この関係から、為替レートが変動することがIS曲線のシフトに直接的な影響を与えることがわかります。
LM曲線と為替レートの関係
LM曲線は、貨幣市場の均衡を示す曲線であり、国民所得Yと名目利子率r_Aの関係を表しています。LM曲線は、実質貨幣供給量(M/P)と貨幣需要(L(Y,r_A))が等しいときに形成されます。この曲線は、貨幣市場のバランスを保つために、利子率と国民所得がどのように調整されるかを示します。
為替レートの変動がLM曲線に与える影響を理解するためには、貨幣市場への影響を考慮する必要があります。為替レートが上昇すると、輸出が増加し、国民所得Yが増えるため、貨幣需要が増加する可能性があります。しかし、貨幣供給量が一定である場合、貨幣市場の均衡を保つためには利子率が上昇し、LM曲線が左にシフトすることになります。
為替レートの変動によるLM曲線のシフトの方向
為替レート(e)の変動がLM曲線に与える影響をより具体的に考察します。まず、為替レートが上昇した場合を考えます。為替レートが上昇すると、輸出が増加し、国民所得Yも増える可能性があります。これにより、貨幣需要が増加します。貨幣供給量が一定である場合、貨幣市場の均衡を保つためには利子率が上昇し、LM曲線は左にシフトします。

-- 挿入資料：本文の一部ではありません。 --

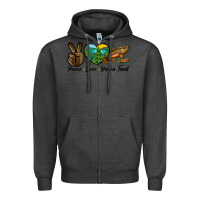 Charcoal Heather Peace Love Brown Trout Zipper Hoodie - LillyAllenDesigns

逆に、為替レートが下落した場合、輸出が減少し、国民所得Yが減少する可能性があります。これにより、貨幣需要が減少し、貨幣供給量が一定であれば利子率が低下し、LM曲線は右にシフトすることになります。
まとめ:為替レートの変動とLM曲線のシフト
マンデル=フレミングモデルにおいて、為替レート(e)の変動はIS曲線には直接的な影響を与え、為替レートの上昇はIS曲線を右にシフトさせ、下落は左にシフトさせます。一方、LM曲線への影響は間接的であり、為替レートが上昇するとLM曲線は左にシフトし、下落すると右にシフトします。
このように、為替レートの変動はIS曲線とLM曲線の両方に影響を与えるため、経済全体の均衡を理解するためには、それぞれの曲線の動きを総合的に分析することが重要です。